Hulusi Ağabey bu hatırayı bir başka yerde anlatırken sadece BİSMİLLAH demiyor. Bilakis, duya doya Üstadımızın okuduğu şekilde BİSMİLLAHİRRAHMANİRRAHİM diyor. Tek tek harfleri mahreçlerine uygun ve tecvid kaidelerine şâyeste biçimde… Evet BÜYÜK, TÜKENMEZ BİR KUVVET, ÇOK, BİTMEZ BİR BEREKET ve MÜBAREK BİR DEFİNE OLAN BİSMİLLAHİRRAHMANİRRAHİM işte böyle okunmalı.
“Keza bizler, çok işlerimizde, şeytanın şerrinden Allah’a sığınır ve Cenab-ı Hakk’ın bizi korumasını dileriz. En mahrem meselelerimize kadar her hususta bu disiplinlere dikkat ederiz. Böyle bir istiâne ve istiâze sonucu dünyaya gelen çocuklarımızın iyi, sâlih olacağına ve neticeye şeytanın parmak karıştıramayacağına inanırız.

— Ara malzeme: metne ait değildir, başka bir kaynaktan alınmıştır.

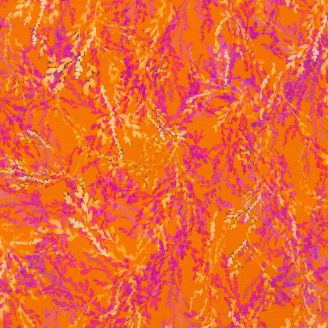 Tissu patchwork feuillages magenta fond orange - Leaflet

“Bu istiâne (Allah’tan yardım isteme) ve istiâzeyi (Allah’a sığınmayı) yapmayan birinin, küçük gibi görünen böyle bir ihmâl sonucu başına öyle gâileler gelir ki, nereden geldiğini bilmez ama, onların altında ezilir gider. İnsan, bu konuda hiçbir noktayı ihmal etmemelidir. Yapmakla mükellef olduğu büyük-küçük her şeyi yapmalı, tâbî tutulduğu imtihanın bütün şartlarını yerine getirmeli, dinin kendisine yüklediği sorumlulukları yerine getirirken fevkalâde hassas ve titiz davranarak asla gaflete düşmemelidir.
“Bazen bir anlık bir fütur (gevşeklik), tıpkı dümen ve direksiyondaki kimsenin küçük bir gafletinin verdiği bir akıbeti netice verebilir. Evet mümin her an Allah’a dayanıp, Allah’a sığınmalıdır. En basit bir muamele gibi görünen nikahta dahi hep bu duygu ile hareket etmelidir. Nikah Allah adına yapılır, Allah’a bağlanmadan yapılan nikahın bereket getireceği, hayra vesile olacağı düşünülemez. Evet nikah mânevî bir bağdır; kerameti de Allah’la irtibatındadır.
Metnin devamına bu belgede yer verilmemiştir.